● Records from a collection
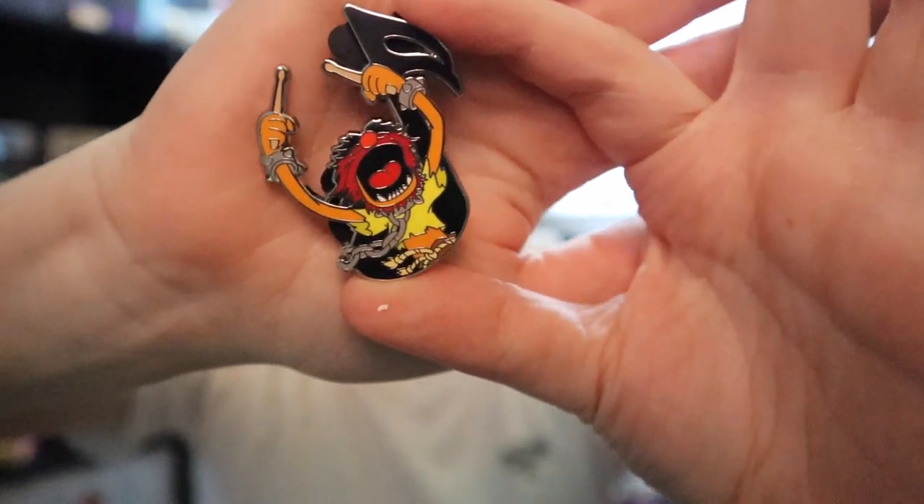Is anyone watching Muppet Mayhem? When I say Muppet Mayhem — that was a cute show. I watched it the day after my surgery; super cute, very nostalgic. Muppets: 10 out of 10, I recommend it.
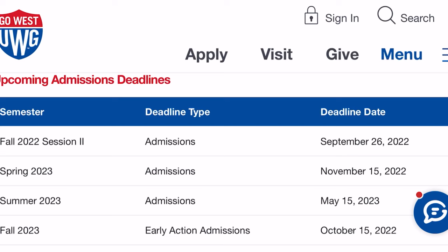I used the Common App, which is great because it allows you to apply to multiple schools using one application. I know it can be a lot — applying to different schools, paying different fees, filling out different essays — but with the Common App you apply to multiple schools with one application. Not all colleges are on there, but the ones I wanted to go to were, which was a blessing.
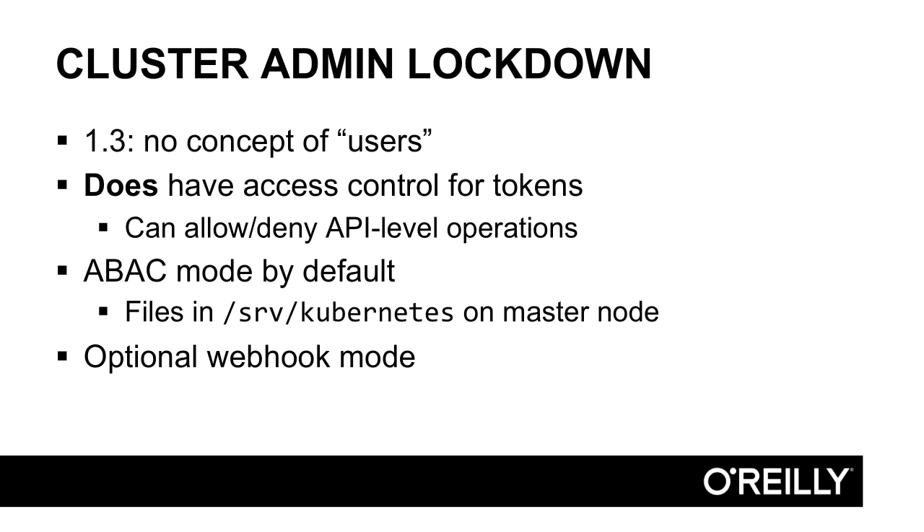The next thing you should consider is locking down access to the Kubernetes administration tools. Kubernetes doesn't currently have the concept of user accounts, so there's no paper trail for changes to the cluster. For example, you won't be able to know who scaled the API replication controller up to five instances. But it does have access controls. Using kube control requires a token, and different tokens can be configured with different permissions. Clusters created in AWS using the kube-up script have ABAC authorization turned on by default. ABAC stands for Attribute-Based Access Control, and it's a method that allows named tokens with defined permissions.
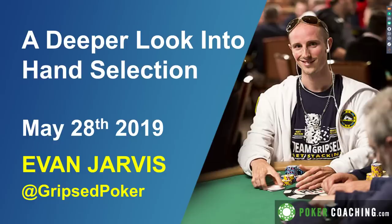Hello, welcome to the webinar. Thank you for joining me. My name is Evan Jarvis, I'll be your host tonight. Tonight we're going to be taking a deeper look into hand selection. I'm pretty excited about this presentation — I've studied up a lot over the last two weeks in preparation for it.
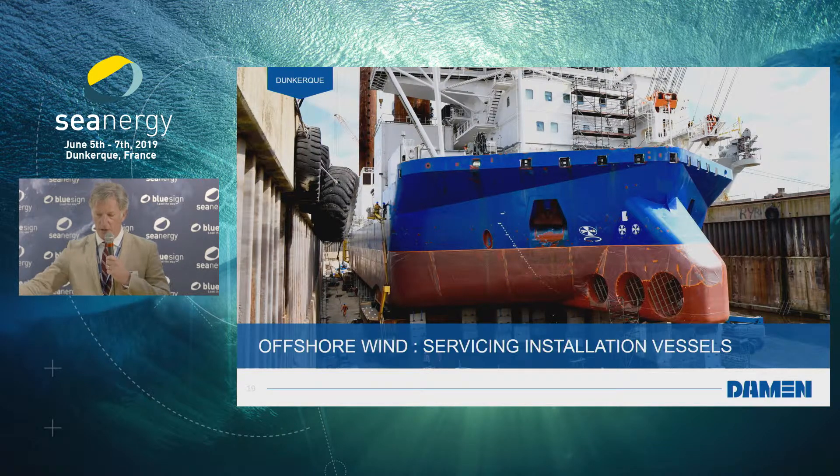The message I want to bring across today is that in our yard, especially looking at the wind farms coming up on the west coast of France, we are allowed to jack up these vessels in our harbor without restriction. This is the Sea Challenger — she came in for a makeover. She was bought by DEME and needed a makeover. We installed the spud shoes, the spud cans.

● WHAT IS EXPECTED
Every line from the top of the records above to the line with "I used the Common", inclusive, should be duplicated exactly, minus the pictures.

● EXERCISE ANSWER
Is anyone watching Muppet Mayhem? When I say Muppet Mayhem — that was a cute show. I watched it the day after my surgery; super cute, very nostalgic. Muppets: 10 out of 10, I recommend it.
I used the Common App, which is great because it allows you to apply to multiple schools using one application. I know it can be a lot — applying to different schools, paying different fees, filling out different essays — but with the Common App you apply to multiple schools with one application. Not all colleges are on there, but the ones I wanted to go to were, which was a blessing.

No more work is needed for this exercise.